Illustrative Scenarios

  1. A Khoja dies intestate in 1940 leaving a widow and daughter. Under Shariat, the widow receives one eighth and the daughter one half. Under pre-1937 custom, both could have been excluded.
  2. A Khoja dies in 1948 leaving a will bequeathing all property to his son. The will is valid, even though Shariat would have required fixed shares for the widow and daughter.
  3. A Khoja creates a testamentary trust for unborn descendants. The trust fails, as Shariat prohibits bequests to unborn persons.
Comparative Note: Cutchi Memons
Cutchi Memons, another community of Hindu converts, faced a different legislative path. The Cutchi Memon Act, 1920 allowed optional adoption of Muslim law, but the 1938 Act made Muslim law compulsory for them, eliminating testamentary freedom. Khojas, by contrast, retained autonomy in wills. This divergence reflects Parliament s nuanced approach to different communities.

Conclusion
More than 85 years after the Shariat Act, Khoja succession law remains a dual system. Intestacy secures women s shares under Shariat. Testamentary succession still preserves Hindu-law based freedom. Courts have consistently upheld this arrangement. From a policy standpoint, the law reflects compromise. It corrected the gross inequities of intestacy while leaving scope for community autonomy in wills. Critics argue this allows patriarchy to persist, as a will can still disinherit daughters. Defenders point to freedom of testation as a valuable right, one that has long-standing cultural resonance for Khojas. Khoja succession law illustrates the tension between reform and continuity. The Shariat Act of 1937 swept away discriminatory customs in intestacy, ensuring women their Quranic shares. Yet it deliberately left untouched the community s customary freedom in wills. The Bombay High Court has consistently affirmed this duality: intestate succession under Shariat, testamentary succession under custom. Unless Parliament legislates otherwise, or the Supreme Court rules differently, this remains the settled law. The crucial question is whether the deceased Khoja left a will. If yes, the will is construed under Hindu custom, with full testamentary freedom. If no, Shariat governs. The answer to that question determines the entire framework of succession.

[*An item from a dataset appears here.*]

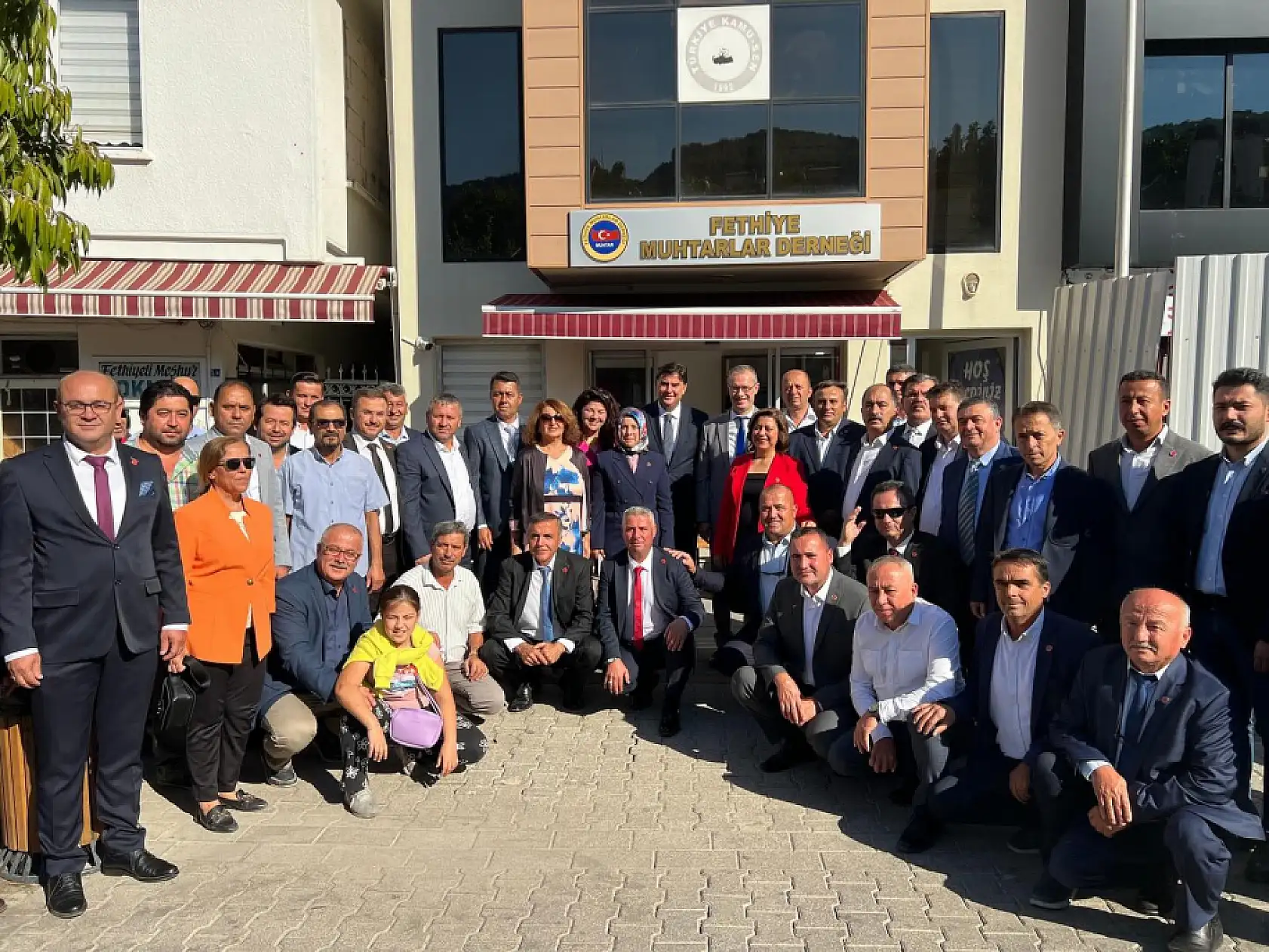 Beşkaza Meydanı'nda Muhtarlar Günü Kutlandı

  1. Shivji Hasam v. Datu Mavji Khoja (1874) 12 BHC 281
  2. Hirbai v. Gorbai (1875) 12 BHC 294.
  3. Mulla, Principles of Mahomedan Law, 12th Ed. (1940), p. 19
  4. The Khoja Case 1866 (Aga Khan Case) - Perry C.J. judgment
  5. Sir Tharia Topan v. The Collector of Bombay (1901) 5 Bom LR 682
  6. Muslim Personal Law (Shariat) Application Act, 1937 - Section 2
  7. Ashrafalli Cassamalli v. Mahomedalli Rajaballi ILR 1947 Bom 1
  8. Muslim Personal Law (Shariat) Application Act, 1937 - Section 3
  9. Ashrafalli Cassamalli v. Mahomedalli Rajaballi ILR 1947 Bom 1
  10. Aliyarkhan Amirkhan v. Rambhau Motiram AIR 1948 Bom 162; 49 Bom LR 793.
  11. Nina Anwar Merchant v. Karim Ul Haq Meghani 2024 SCC OnLine Bom 3060.